By Emma Hickey
I start everyday by listening to The New York Times news podcast “The Daily.” I find it primes me for my day, and for the last two weeks, I’ve been primed for days dominated by discussions of sexual assault. The story of Supreme Court nominee Brett Kavanaugh, Dr. Christine Blasey Ford, the male-dominated Senate Judiciary Committee, and the confirmation hearings, have seeped into every vertical of my life. My friends, my favorite writers, my coworkers, the man at the bodega—everyone is either talking about the hearings themselves, or talking about the old wounds this news cycle has reopened. New Yorker writer Jia Tolentino put it better than I ever could:
It’s been hard to think of anything else.
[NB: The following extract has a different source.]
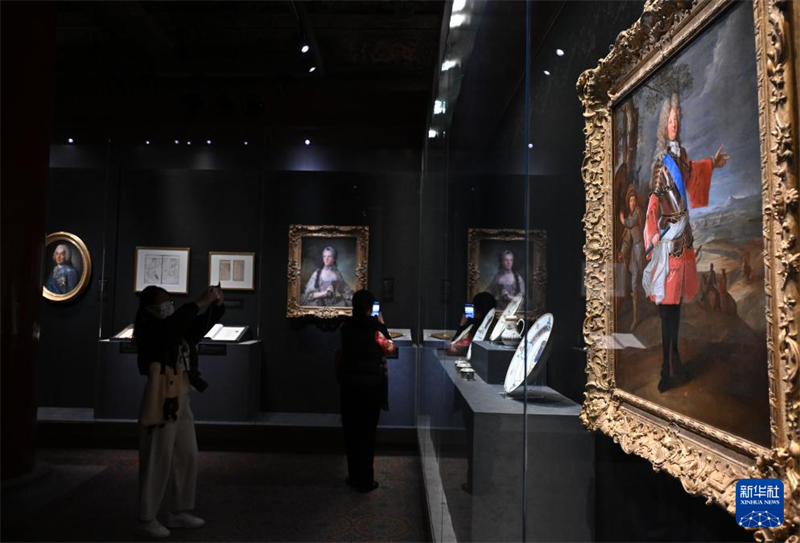 В Пекине открылась выставка, организованная совместно музеем Гугун и Версальским дворцом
The news has been too loud to tune out, and—more importantly—I didn’t want to tune it out. I spent all day Thursday and Friday watching livestreams of the proceedings, listening to pundits discuss Dr. Ford’s and Kavanaugh’s testimonies, and talking about it with my friends, family, colleagues and strangers. One thing I did not do much of, though, is work.
I know that even when the news stops me in my tracks, the world spins on, and I know that even when my thoughts have turned single-minded, I have to make room for the responsibilities of my daily life, but what I don’t know is how to do this. All the women I know, and I suspect many people I don’t, have expressed similar thoughts this week. How can we even think about closing deals, filling out expense reports, cleaning our apartments, when it feels like the world beyond all that is on fire? I certainly don’t know, but we have to, and here are a few thoughts—half-formed and created out of necessity rather than desire—that might help you (and me) try:
Create a space where you can consume the news in a group, rather than alone. My friend’s office livestreamed the hearings in a conference room all day on Thursday and Friday. Her coworkers brought their laptops to the conference room and instead of experiencing the onslaught of emotions provoked by this news cycle while isolated at their desks, they experienced it together, and that made a difficult thing more bearable. The mildest way to put it is that sometimes current events are the elephant in the room, and instead of spending your work day fastidiously avoiding acknowledging the elephant, it can actually be more helpful to look it in the eyes.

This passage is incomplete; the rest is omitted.